Problem Geometry 1 in IMOSL 2022
G1. Let \(ABCDE\) be a convex pentagon such that \(BC=DE\). Suppose there exists a point \(T\) inside the pentagon satisfying \(TB=TD, TC=TE, \angleTBA=\angleAET\).
Let \(P\) and \(Q\) be the intersections of \(CD\) and \(CT\) with \(AB\), respectively. Let \(R\) and \(S\) be the intersections of \(CD\) and \(DT\) with \(AE\), respectively.
Suppose that \(P, B, A, Q\) and \(R, E, A, S\) are collinear in that order. Prove that \(P, S, Q, R\) are concyclic.
Proof. (bmathnguyen)
First, let’s exploit the given equalities in the problem: \(TB=TD, TE=TC, BC=ED\).\
We see that \(\triangle TDE = \triangle TBC\) (by c.c.c).

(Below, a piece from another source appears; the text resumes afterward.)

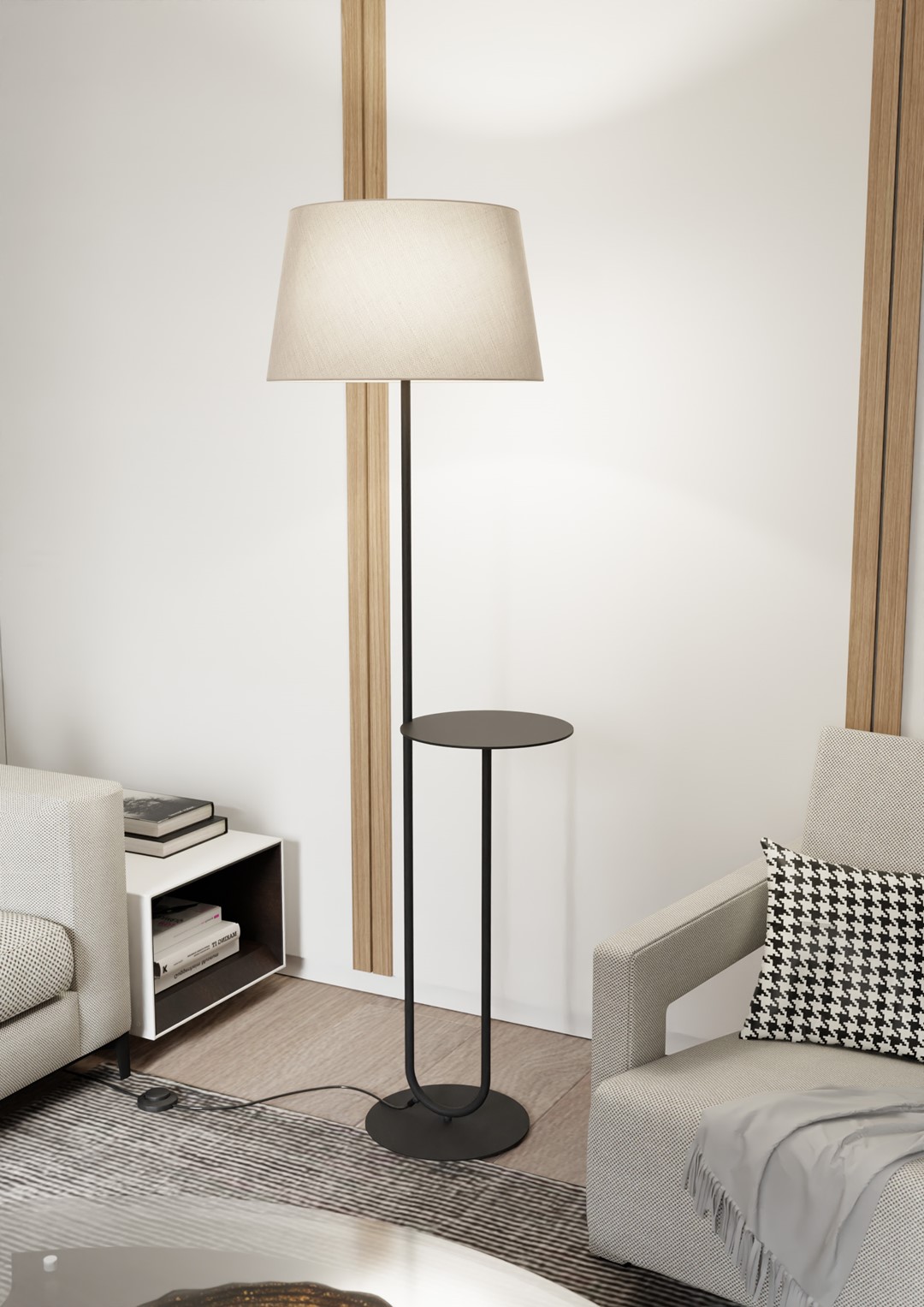 Emibig Podna lampa HOTEL 230 V 15W MAX LED E27 Čelik/ Tkanina Crna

From (*) we deduce \(\angle ETD=\angle BTC \Rightarrow \triangle ETC=\triangle BTD \Rightarrow \angle ECV=\angle UDB\) (as both triangles \(\triangle ETC\) and \(\triangle BTD\) are isosceles at \(T\)).

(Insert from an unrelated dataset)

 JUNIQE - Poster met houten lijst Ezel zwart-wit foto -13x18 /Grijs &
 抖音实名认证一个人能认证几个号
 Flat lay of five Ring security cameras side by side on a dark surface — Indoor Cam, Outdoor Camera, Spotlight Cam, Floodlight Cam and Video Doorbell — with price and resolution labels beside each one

From the problem statement: \(\angle TEA=\angle TBA\), to combine with \(\angle TEC=\angle TBD\) and \(\angle ECT=\angle TDB\) as just shown, we introduce points \(U\) and \(V\).

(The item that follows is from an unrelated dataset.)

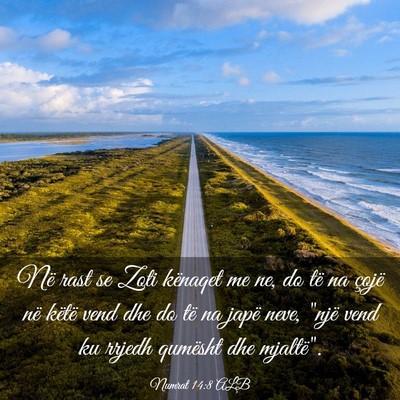 Picture 03 - Numrat 14:8 ALB - Në rast se Zoti kënaqet me ne, do të na çojë - Bible Verse Picture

Let \(U\) be the intersection of \(DT\) and \(AB\), and \(V\) be the intersection of \(CT\) and \(AE\).
Then, \(\triangle CEV \sim \triangle DBU\) (by g.g) with \(\angle E=\angle B\) and \(\angle C=\angle D\).
From (**) we obtain \(\angle QVA=\angle SUA\), thus quadrilateral \(UVQS\) is cyclic.\
Now, to prove that quadrilateral \(PRQS\) is cyclic, it is enough to show that \(UV\) is parallel to \(PR\). This is the moment to apply Thales’ theorem.\
We will prove:
\[\frac{PU}{PA} = \frac{RV}{RA}\]We have
\[VT = \frac{PU}{PB} \cdot \frac{PB}{PA} = \frac{DU}{DB} \cdot \frac{\sin CDT}{\sin CDB} \cdot \frac{CB}{CA} \cdot \frac{\sin DCB}{\sin DCA}\]We also have
\[VP = \frac{RV}{RE} \cdot \frac{RE}{RA} = \frac{CV}{CE} \cdot \frac{\sin DCK}{\sin DCE} \cdot \frac{DE}{DA} \cdot \frac{\sin CDE}{\sin ADC}\]We just need to prove:
\[\frac{DU}{DB} \cdot \frac{CB}{CA} \cdot \frac{CE}{CV} \cdot \frac{DA}{DE} = \frac{\sin DCT}{\sin CDT} \cdot \frac{\sin CDB}{\sin DCB} \cdot \frac{\sin DCA}{\sin ADC} \cdot \frac{\sin CDE}{\sin DCE}\]This is equivalent to:
\[\frac{DU}{DB} \cdot \frac{CB}{CA} \cdot \frac{CE}{CV} \cdot \frac{DA}{DE} = \frac{TD}{TC} \cdot \frac{BC}{BD} \cdot \frac{DA}{AC} \cdot \frac{DA}{AC} \cdot \frac{EC}{ED}\]This simplifies to:
\[\frac{DU}{CV} = \frac{TD}{TC}\]The last equality holds true because from (**), and the fact that triangles \(\triangle TEC\) and \(\triangle TDB\) are isosceles, we have:
\[\frac{DU}{CV} = \frac{DB}{CE} = \frac{TD}{TC}\]